- _What needs to be done_: Identify the line with "It's basically a"; copy word for word that line and every one after it, to the end of the listing. Exclude pictures.

- _Dataset extract_:
────────────────────────────────────────

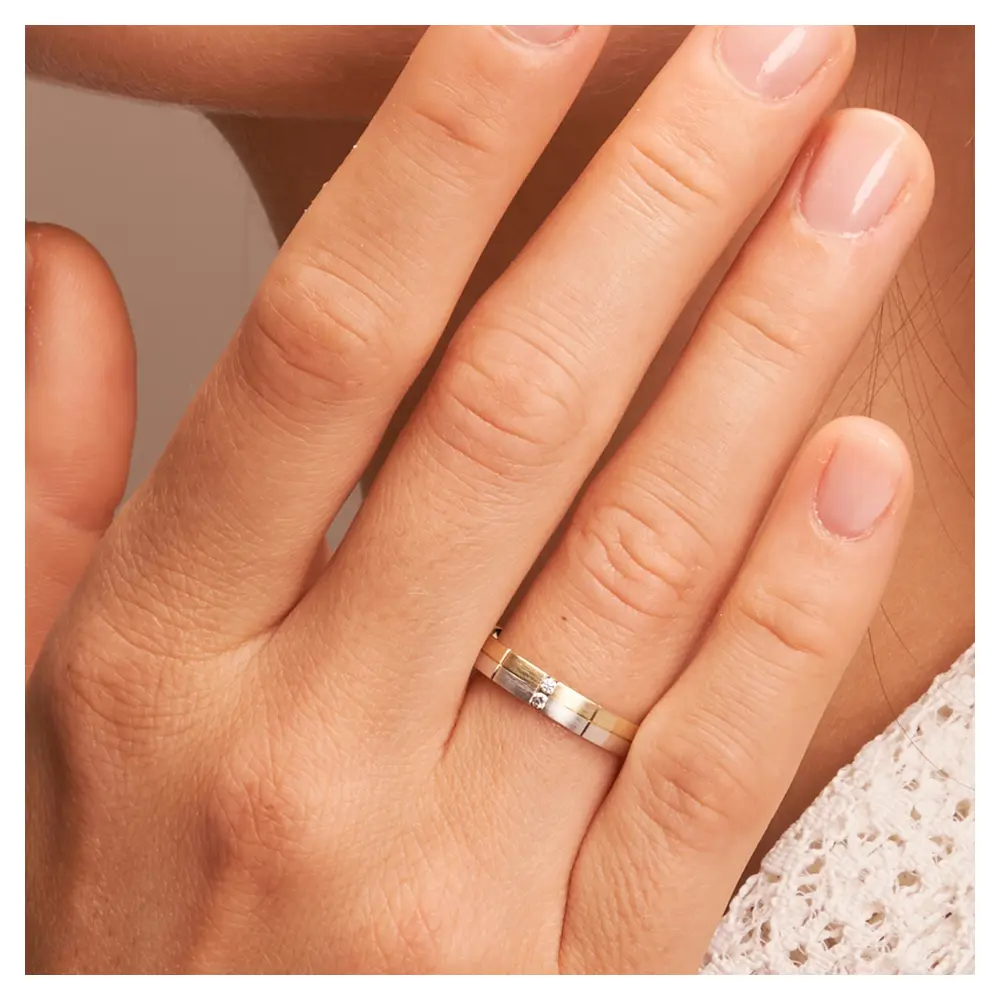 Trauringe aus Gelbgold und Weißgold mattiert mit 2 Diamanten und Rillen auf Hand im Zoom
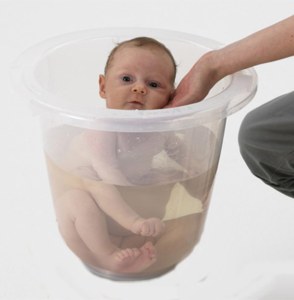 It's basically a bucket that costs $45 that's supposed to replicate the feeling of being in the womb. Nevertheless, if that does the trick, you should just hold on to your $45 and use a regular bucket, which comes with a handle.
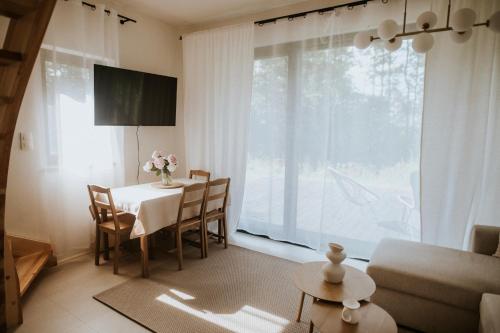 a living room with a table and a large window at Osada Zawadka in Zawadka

────────────────────────────────────────

- _Answer space_:
 It's basically a bucket that costs $45 that's supposed to replicate the feeling of being in the womb. Nevertheless, if that does the trick, you should just hold on to your $45 and use a regular bucket, which comes with a handle.
 a living room with a table and a large window at Osada Zawadka in Zawadka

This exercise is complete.